“So, will you still be able to do your fellowship?”

This question pervaded many conversations I had in March, April, and May, as I prepared to make a cross-country move in June. Let me rewind though, and explain why I was being asked this question.

At the end of February, I accepted a one-year fellowship with The Patterson Foundation (TPF), a fully-endowed, mid-sized, charitable foundation in Sarasota, Florida that is truly leading the way in community- and trust-based philanthropy. From an outsider’s perspective, it seemed risky. Here I was, with a house, friends and family close by, and a stable marketing and communications position at the only school of philanthropy in the world. I not only worked at this university, but I was also a master’s degree student and finishing up my last semester of grad school.

But to me, after I had been offered this opportunity, there was no question in my mind what my answer would be. (I actually knew my answer in the Sarasota airport after leaving my in-person interview, if I was lucky enough to receive an offer.) For 2.5 years, I’ve studied philanthropy and the power it can have. I’ve listened to speakers, experts, scholars, organizations, and communities speak about the impact and potential, vital effects of engaging and encouraging everyday individuals to give back. I’ve learned about innovative approaches, community-based work, and how people, organizations, and communities can foster real change.

So, the real question was, why wouldn’t I say yes? I was given a marvelous way to dive into the work of a well-respected foundation and its many amazing partners. There was no doubt in my mind that I would be in Sarasota in June.

However, to return to the question above, doubts sprang into friends’ and family members’ minds once COVID-19 struck. After seeing a horrible health crisis, devastating job losses, and an economic downturn (now deemed a recession), my network asked me if my offer still stood. I’ve heard stories of rescinded job opportunities, but with knowledge about TPF from my interviews and discussions with co-workers and classmates, I believed that there was no way they would revoke the offer.

Nevertheless, I decided it wouldn’t hurt to ask if there was even the slightest chance that my offer would be rescinded.

The response? The firmest and most relieving “no” I’ve ever professionally heard.

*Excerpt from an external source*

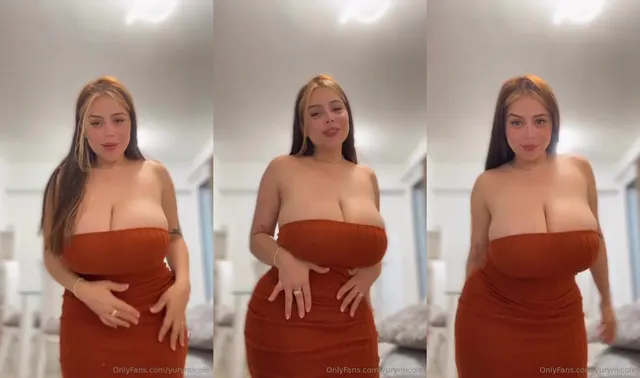 Yurymicole Flaunts Her Cleavage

Not only was I invested in TPF and ready to move cross-country with my husband and two cats, but TPF was invested in me and the potential that I will have in philanthropy in the future. It’s reassuring to know entering into my year here that I can place ultimate trust in this organization and its people, and know that I will be a better person and philanthropist if I do.

Fast forward several months, and I have arrived in Sarasota and begun working at TPF. It’s a thrill for me to finally be here, utilizing my philanthropic studies degree while learning from the incredible people in this organization and community.

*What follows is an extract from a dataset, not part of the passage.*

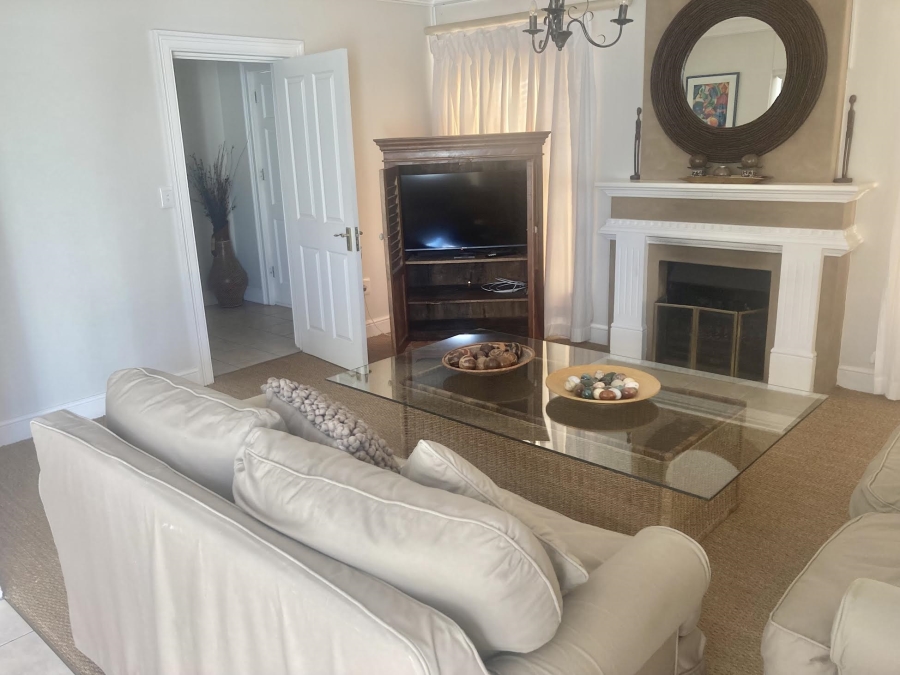 To Let 3 Bedroom Property for Rent in Kenilworth Upper Western Cape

In other words, I’m here, I’m energized, and I’m ready to get to work.

Comments (2)

  • Beth Duda

    Beth Duda

    26 June 2020 at 13:29 | #

    Welcome, Abby! So happy to have you part of a team dedicated to caring, connecting, collaborating, contributing, and creating.

    reply

  • Anne Camille Talley

    Anne Camille Talley

    04 July 2020 at 07:28 | #

    Welcome, indeed, Abby. At this stage in your career, I can hardly imagine a better place to be. The Patterson Foundation is a true leader in philanthropy.